Desde hace varios días circulan por las redes mensajes de violencia y fotos de supuestos infractores ostentando sus botines de guerra. “El próximo finde me quiero ir a la playa con los amigos del gimnasio. Seremos 32 con 12 pitbulls y algunos enseres que pueden resultar útiles. Queremos montarnos en el bus 474 y ver quién está allí dentro. ¿Crees que nos dejarán entrar con los perros?”, pregunta Frederico a un cabreadísimo Paulo, que jura venganza a toda costa.
Los justicieros son un fenómeno tristemente conocido en todo Brasil. Todavía reciente en la memoria colectiva está la imagen de un adolescente amarrado a un palo de la luz con una cadena para bicicleta en el cuello. Ocurrió en febrero de 2014. Fue una fotografía que sacudió la conciencia colectiva de un país que prohibió tarde y mal la esclavitud, en 1888.

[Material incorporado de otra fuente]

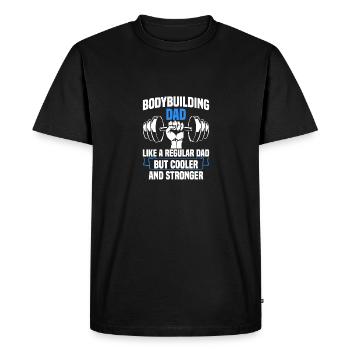 Musculation Papa Musculateur Gymnase Musculation - T-shirt Premium bio Homme - noir - Devant - Nico (187cm)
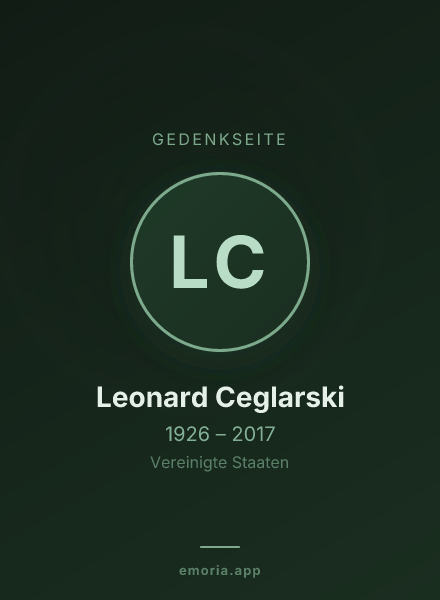 Gedenkportrait von Leonard Ceglarski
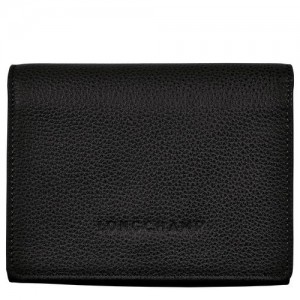 Longchamp Le Foulonne Compact wallet Black | VWKJBPC-45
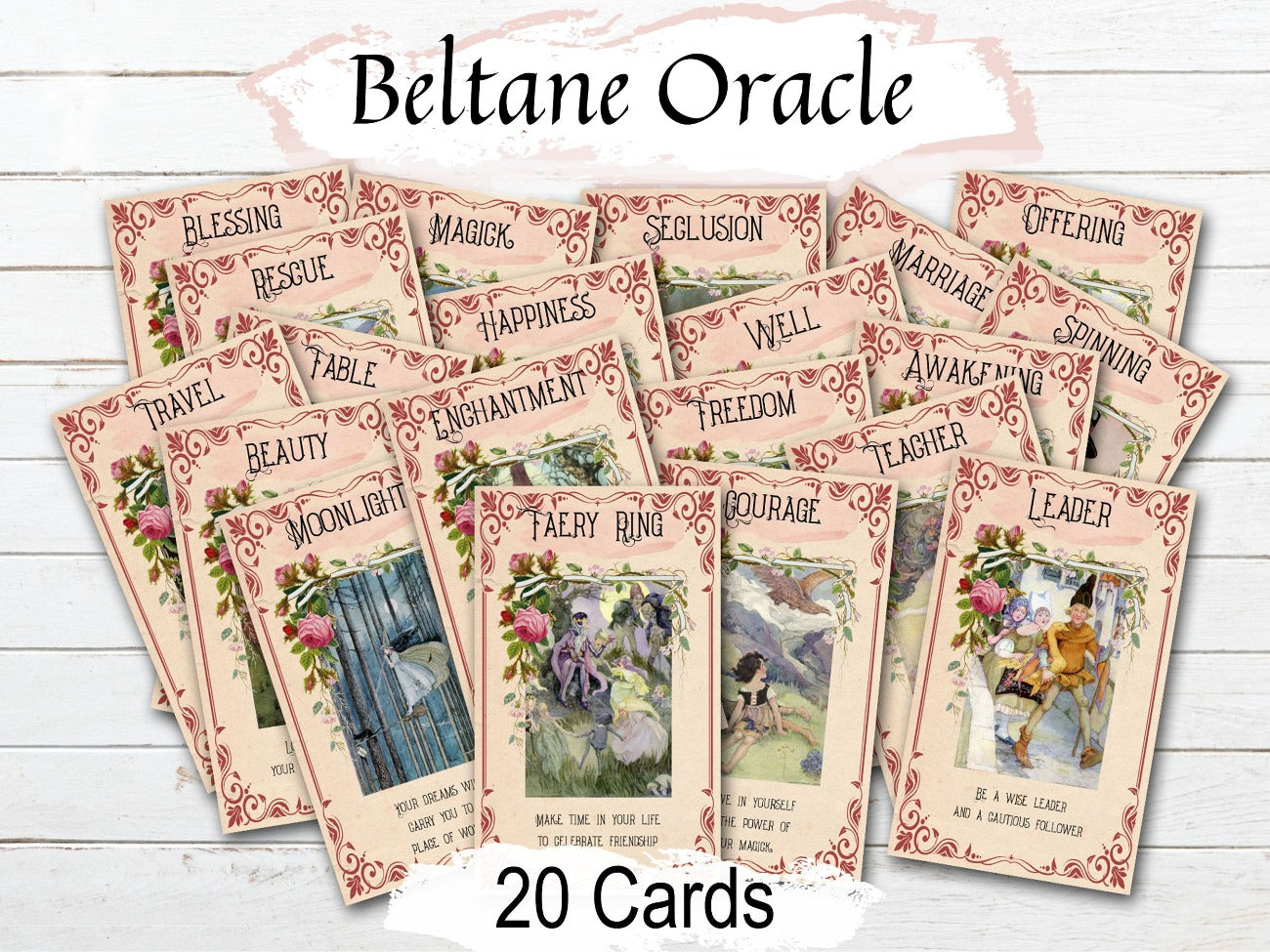 BELTANE FAERY ORACLE Cards, Wicca Sabbat Tarot, Printable Oracle, Inspirational Messages, Fairy Divination Deck, Wheel of the Year, May Day - Morgana Magick Spell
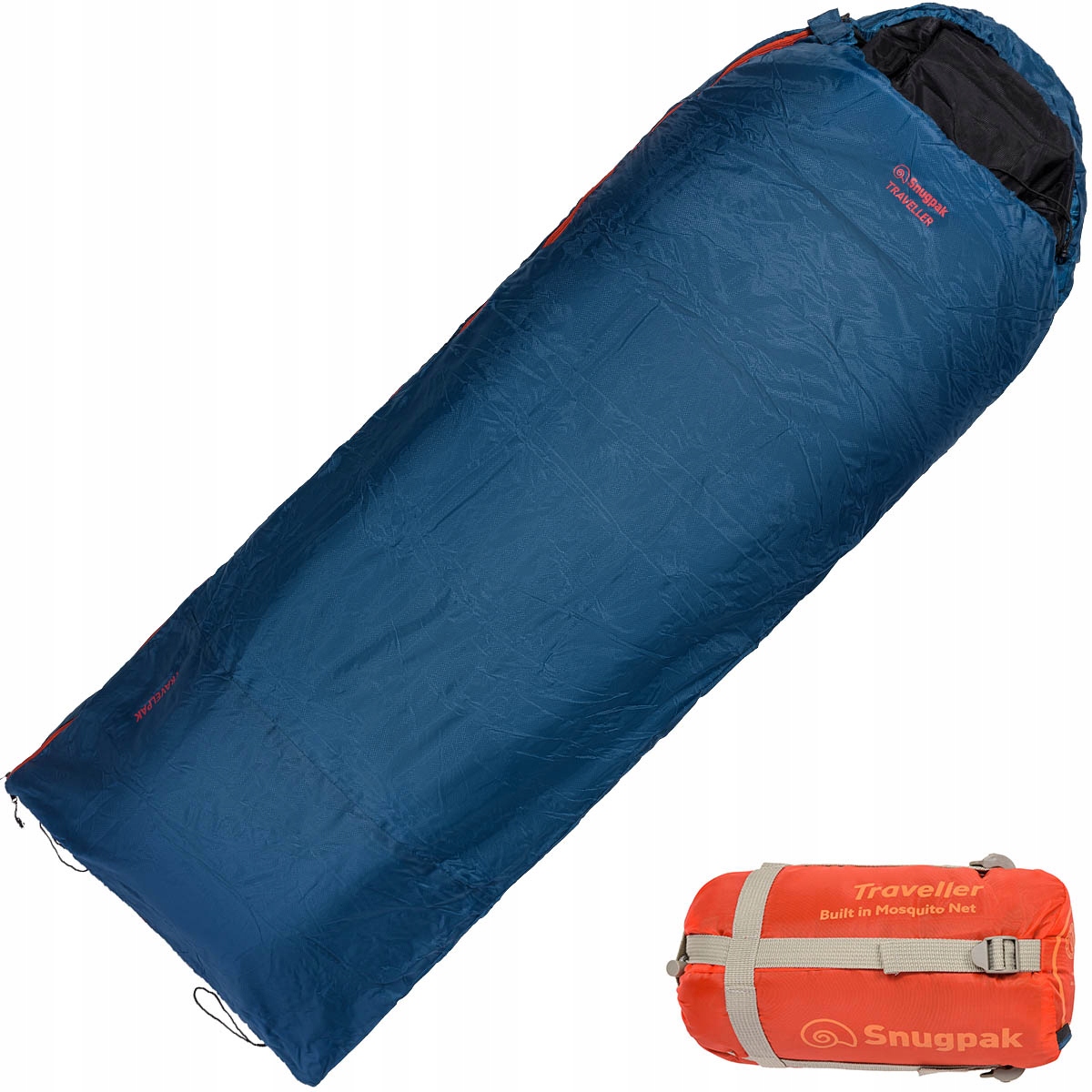 Snugpak Turistický spací pytel Podzimní Mumie Traveller Rz s moskytiérou modrý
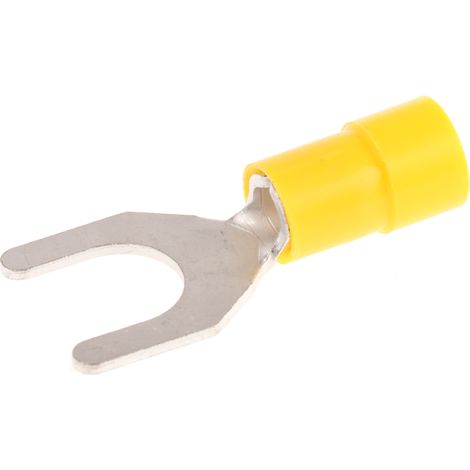 Cosse à fourche à sertir RS PRO Isolé, Jaune 10AWG 6mm² 12AWG 4mm² (1/2)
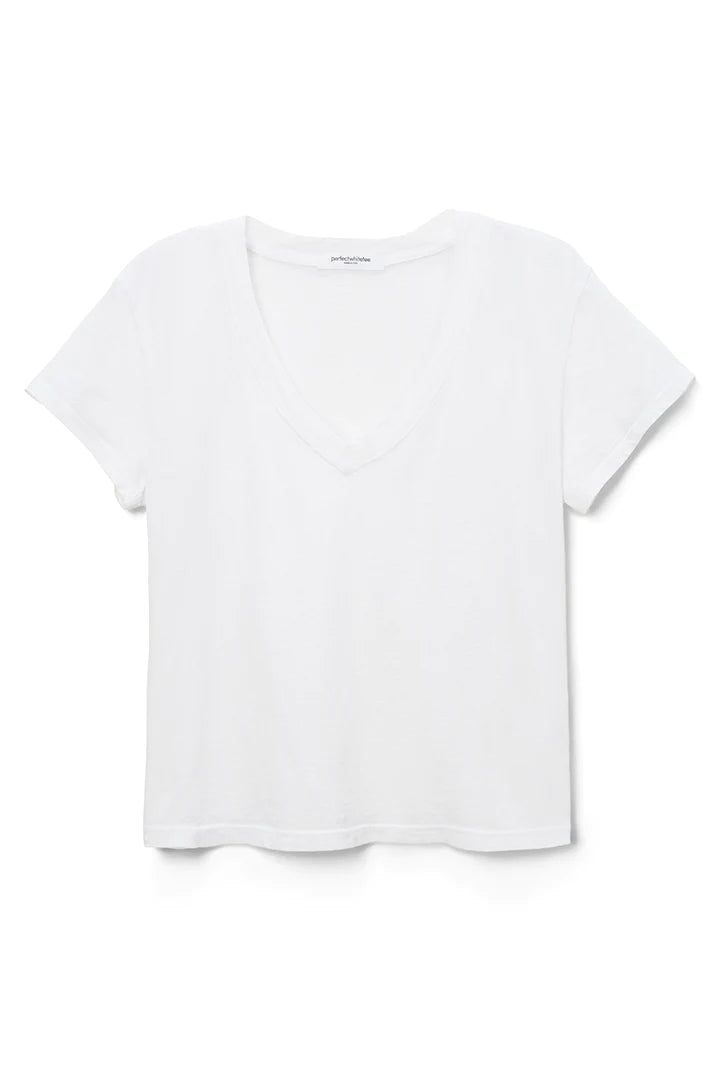 Perfect White Tee Hendrix V Neck Tee in White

Hubo incluso periodistas televisivos que apoyaron la acción de estos justicieros tachándola de “comprensible” y usando el argumento populista de la “legítima defensa colectiva”. “A los defensores de los derechos humanos que se apiadaron de este marginal atado a un palo, les pediría que hagan un favor a Brasil y adopten a un bandido”, llegó a decir la polémica presentadora Rachel Sheherazade en un editorial muy sesgado.
Por increíble que parezca, no se trata de un caso aislado. El pasado mes de junio, un hombre fue linchado en el Maranhão, en el Nordeste del país, tras una tentativa de robo. Se trata del décimo caso de linchamiento en un año y medio.
Parece que una espiral de violencia está generando cada vez más violencia. “Yo lo veo como un círculo. Ahora estamos en el momento álgido. De aquí a unos meses, a medida que se acerquen los Juegos Olímpicos, las cosas mejorarán. Pero lo que me preocupa realmente es lo que sucederá después de ese macroevento, cuando la mirada del mundo se aparte de Brasil. Esa es la gran incógnita”, se pregunta Diogo, un funcionario público que también se plantea dejar Río de Janeiro.